But something unexpected happened right before my flight home. I shared an airport taxi with a young, bubbly Chinese girl who was fascinated to meet me – an ethnic Chinese who travels solo. She had a million questions and by the time she said good-bye, she promised to overcome her doubts and make her fantasy to travel solo a reality. She really lifted my jaded spirit, and I was so happy that I could help other girls open the doors to the world by sharing my experiences. I wasn’t going to retire from travelling after that! Three months later I was itching to go again.
Under Her Cape
Experiences on the Road
What are the best and worst parts of solo travel?
The best part: Having the time and space to explore yourself. Falling in love with people and places.

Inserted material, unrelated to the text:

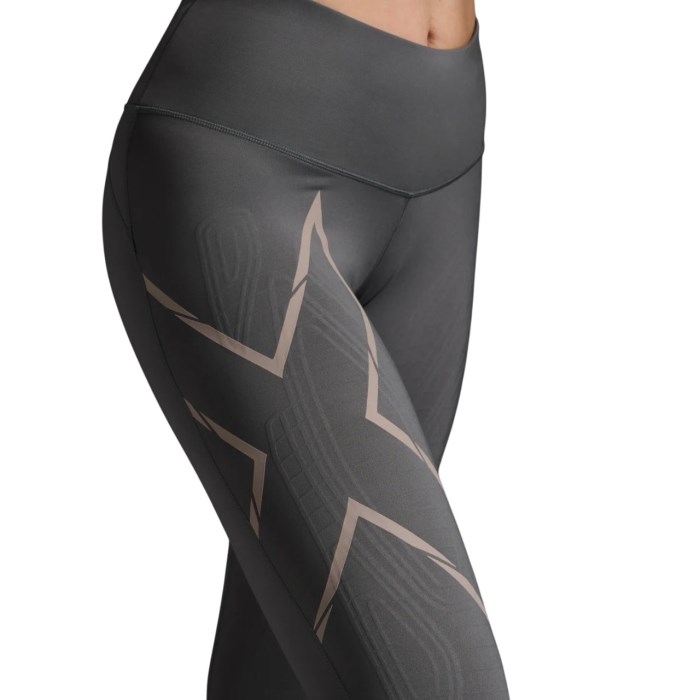 2XU Light Speed Mid-Rise Womens Compression Tights - Jupiter/Carbon Reflective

The worst part: Witnessing how the world is not made equal for everyone. Another drawback of travel is that you start to miss the people and places you fell in love with.
How do you make friends while travelling alone?
I say “hi” to locals on the streets or when I’m feeling extra sociable, to fellow backpackers in my guesthouse or hostel. It’s surprisingly easy.
Does it get lonely when you travel on your own?
Sometimes, but I’ve also grown to enjoy spending time being solo.
“Many people travel to have a fun time, really let their hair down and forget responsibility. What made you decide to work and help others instead (such as the elephants in Kelantan)?
As travellers, we take so much from the place we’re in, sometimes we forget to give back. Unfortunately, overtourism has altered the cultures of many rural communities, caused environmental damages, and create abusive industries that exploits people and animals. Travelling is about personal growth, but it should also be about giving back to the communities who opened their doors to us. As travellers, we have an accountability to use our power and privilege to travel responsibly, and to increase compassion through our global experiences.
Reflections and Pearls of Wisdom
Empowering Other Women
To someone who is planning her first solo long-term travels, what is the most important bit of advice you could give?
Travel is most fulfilling when it’s to learn and experience, not when it’s for Instagram.
Despite everything you have accomplished, I’m sure you sometimes still get negative comments. What is the no.1 sexist nonsense you get most often, and how do you shut them down?
“Your parents/boyfriend must have sponsored your holidays.”
Ignorant assumptions like this devalues everything I’ve done and sacrificed to afford my travels. So I tell them the blunt truth: I’ve done everything from scrubbing toilets in New Zealand, to working every weekend of the year to save up. I work 3 jobs, I consciously lead a simple lifestyle where I have no debt, and I save more than I spend.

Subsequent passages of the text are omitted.